• _HOW TO COMPLETE THIS TASK_
Set down every line from the one containing "A black men's" through the last line of the records below, exactly as written, and leave out the pictures.

(Captioned web images)
*** Block opens ***

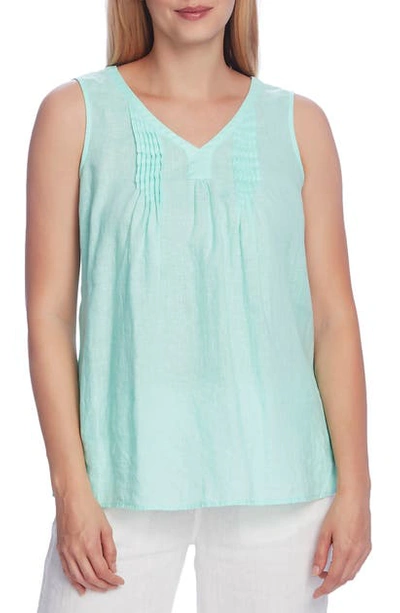 Vince Camuto Pintucked Sleeveless Linen Top, In Regular And Petite In Aqua Ice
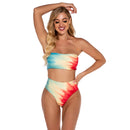 2 in 1 Polyester Tie-dye Tube Top Bikini Ladies High Waist Split Swimsuit Set with Chest Pad (Color:Red Yellow Blue Size:S)
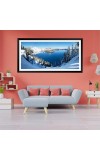 Nature Landscape Floating Frame Scenery Digital Print - (I5887) - 12x24 inch Modern Nature Wall Art for Living Room, Bedroom, Office, Hotels, Drawing Room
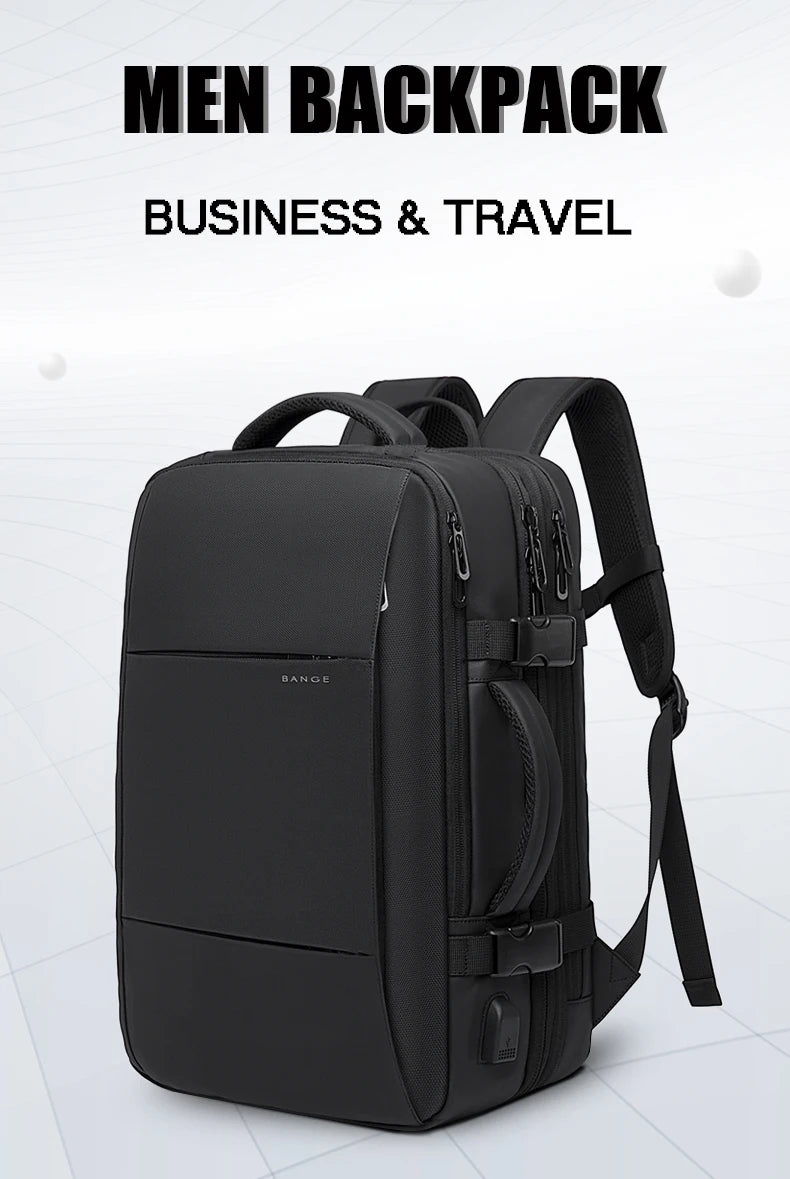 A black men's business and travel backpack shown from the rear view.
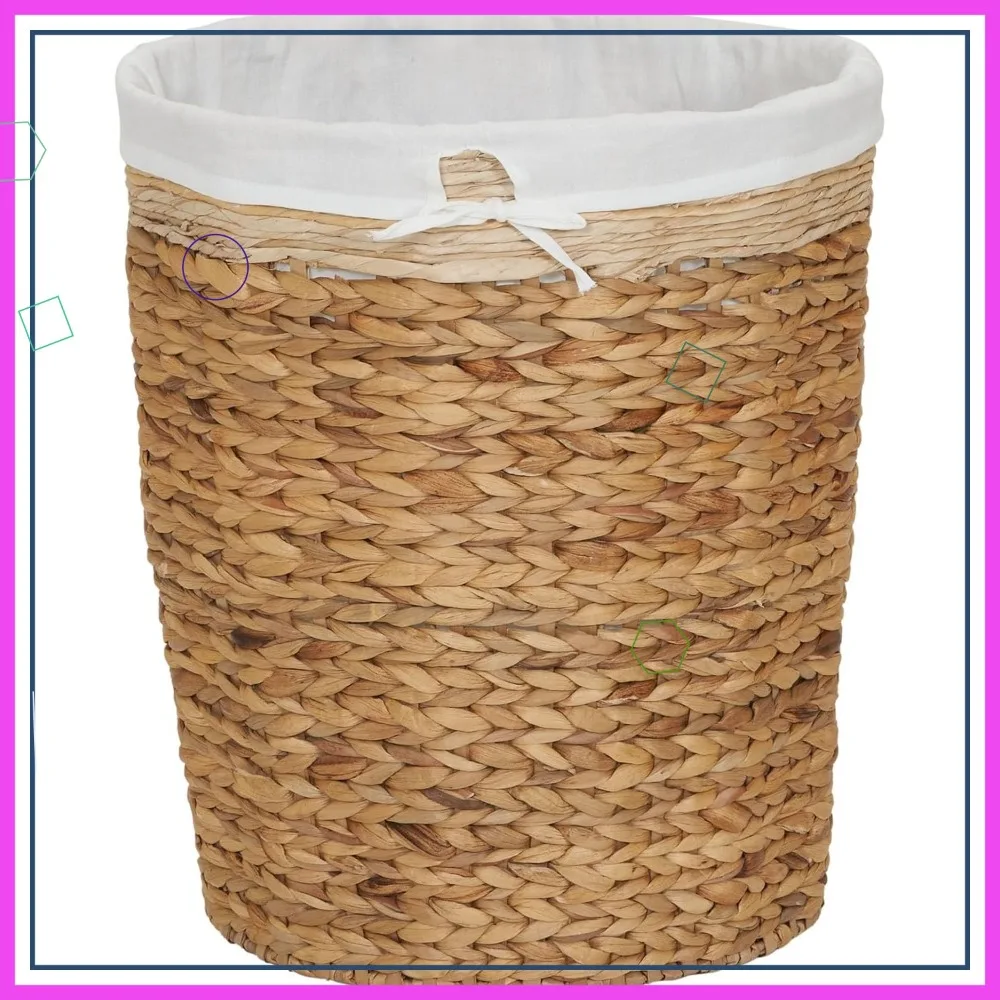 

Natural Wicker Laundry Hamper Basket with Removable Liner - Oversized Storage for Family Clothes Organization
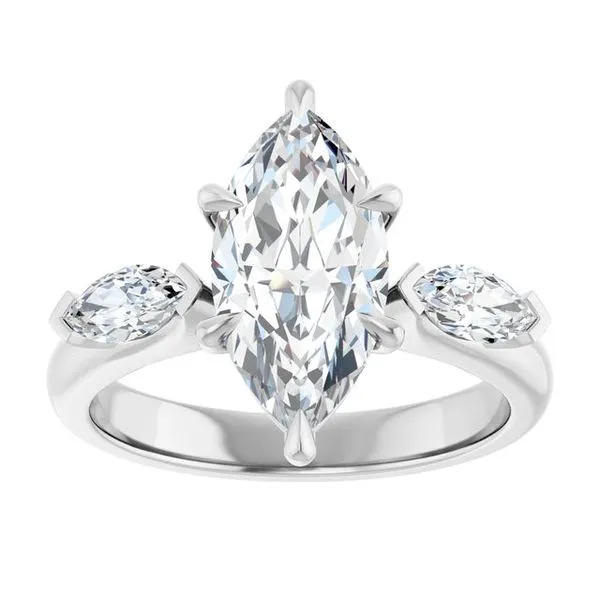 Claw-Prong Three-Stone Engagement Ring Image 3 Vulcan's Forge LLC KANSAS CITY, MO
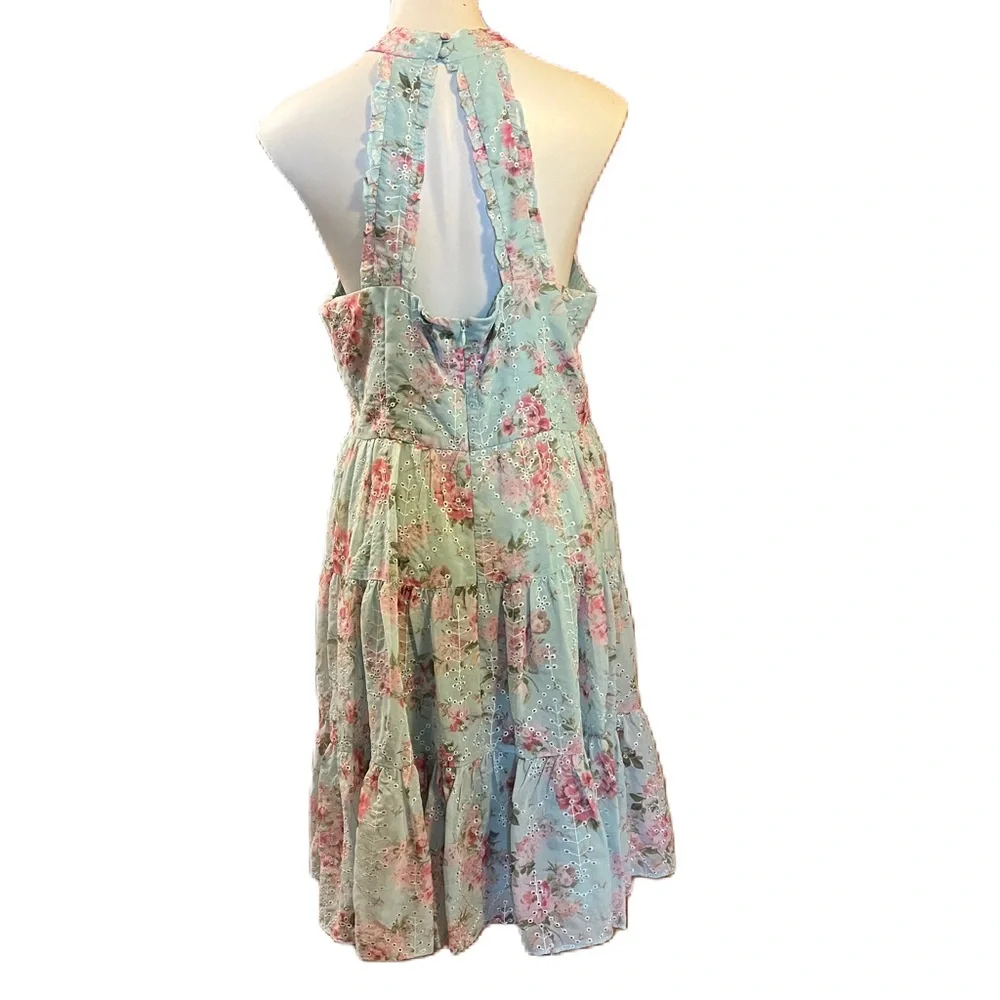 Eliza J Embroidered Floral Halter Neck Cut Out Back summer Dress Mint Size 14 - Picture 4 of 10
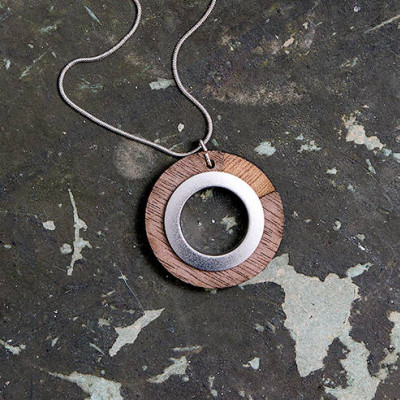Frank Circle Stainless Steel And Wood Pendant - Custom Jewellery By All Uniqueness
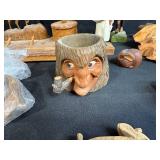 Collection of Vintage Wooden Carvings, Figurines, and Trinkets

*** Block closes ***

• _ANSWER FOR THIS EXERCISE_
 A black men's business and travel backpack shown from the rear view.

Natural Wicker Laundry Hamper Basket with Removable Liner - Oversized Storage for Family Clothes Organization
 Claw-Prong Three-Stone Engagement Ring Image 3 Vulcan's Forge LLC KANSAS CITY, MO
 Eliza J Embroidered Floral Halter Neck Cut Out Back summer Dress Mint Size 14 - Picture 4 of 10
Frank Circle Stainless Steel And Wood Pendant - Custom Jewellery By All Uniqueness
 Collection of Vintage Wooden Carvings, Figurines, and Trinkets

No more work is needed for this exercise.